Just look at Philadelphia, where radical District Attorney Larry Krasner (D) just won his primary in a landslide — beating a supposedly more moderate Democrat with over two-thirds of the vote. In New York City, Democrat prosecutor Alvin Bragg’s far-left prosecutions and anti-Trump theatrics haven’t dented his popularity.

Don’t hold your breath waiting for a Republican breakthrough in the deep-blue states. Democrats still dominate Illinois, hold Minnesota, and likely have an edge in Michigan and Wisconsin.

If the Democratic Party were truly in its death throes, it wouldn’t be holding its ground so confidently in the places that matter most.

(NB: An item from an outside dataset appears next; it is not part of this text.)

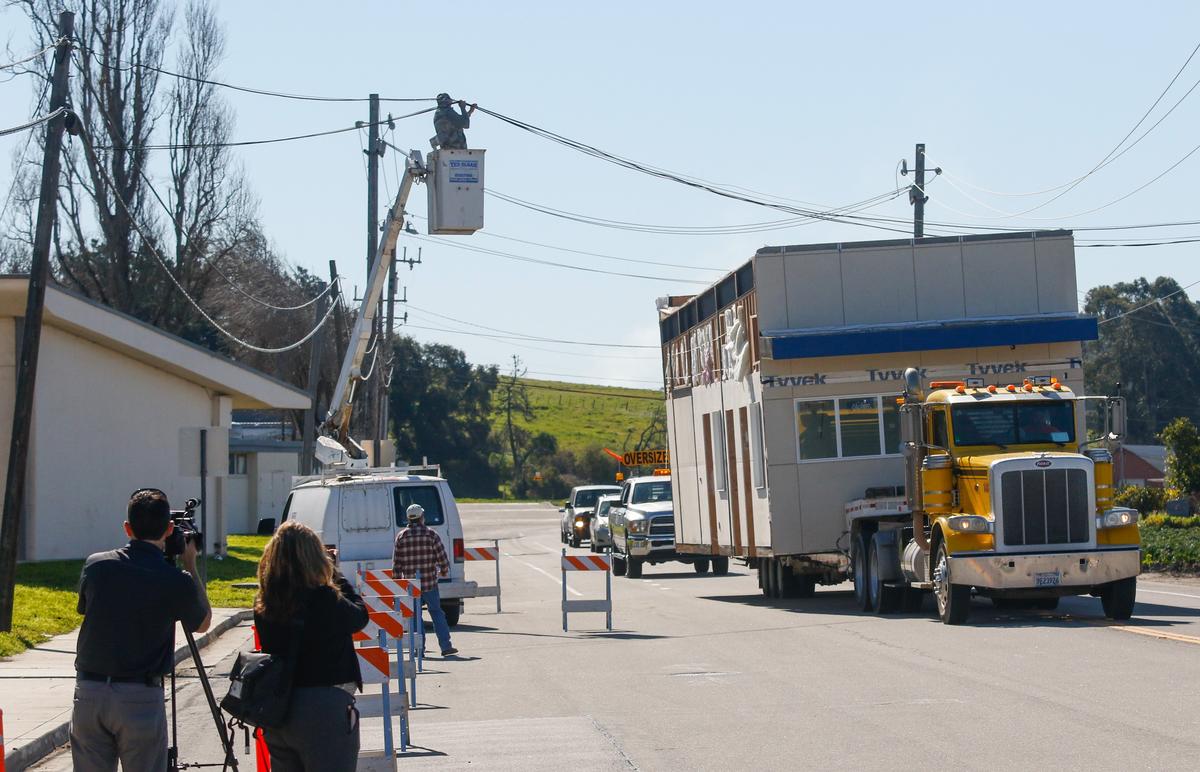 A truck hauls a portion of Arroyo Grande High School’s new music building on Thursday. The structures were big enough that utility lines had to be lifted to make room.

Winning elections in the United States means collecting the most officially recognized votes. A national party can lag in overall popularity and still dominate the game. Democrats understand that — and play to win, by hook or by crook. Whether through ballot harvesting, lawfare, or machine politics, they know the courts won’t stop them and the legacy media won’t question them.

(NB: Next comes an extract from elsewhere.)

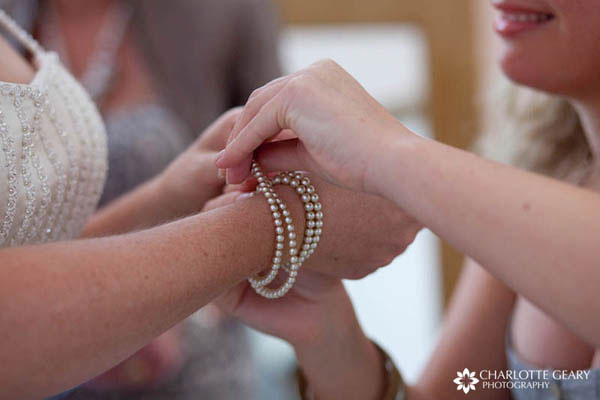 Bride with multi-strand pearl bracelets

Their ground game runs deep. Teachers’ unions, public sector workers, black activists, LGBT groups, and college-educated white women fight for them like their paychecks depend on it — because they often do.

Democrats also enjoy bountiful donations from most of those at the top of the income curve, who don’t confuse the crony capitalism from which they benefit with real socialism. Even if the Democrats claim to be fighting plutocracy, they are being swamped with megabucks from the very rich.

Let’s also stop pretending Democrats lack a unified message. Their priorities are crystal clear: DEI, trans ideology, unlimited abortion, open borders, and tax hikes to fund their coalition. Millions of Americans support all or most of this agenda, or at least don’t mind it enough to vote against it.

Fox News may roll its eyes at the clowns in Congress, but those clowns aren’t trying to impress us — or the Fox All-Stars. They’re mobilizing their base, and the base likes what it hears.

The sooner the Republican National Committee realizes it’s running from behind in 2026, the better. Because that’s exactly what it’s doing.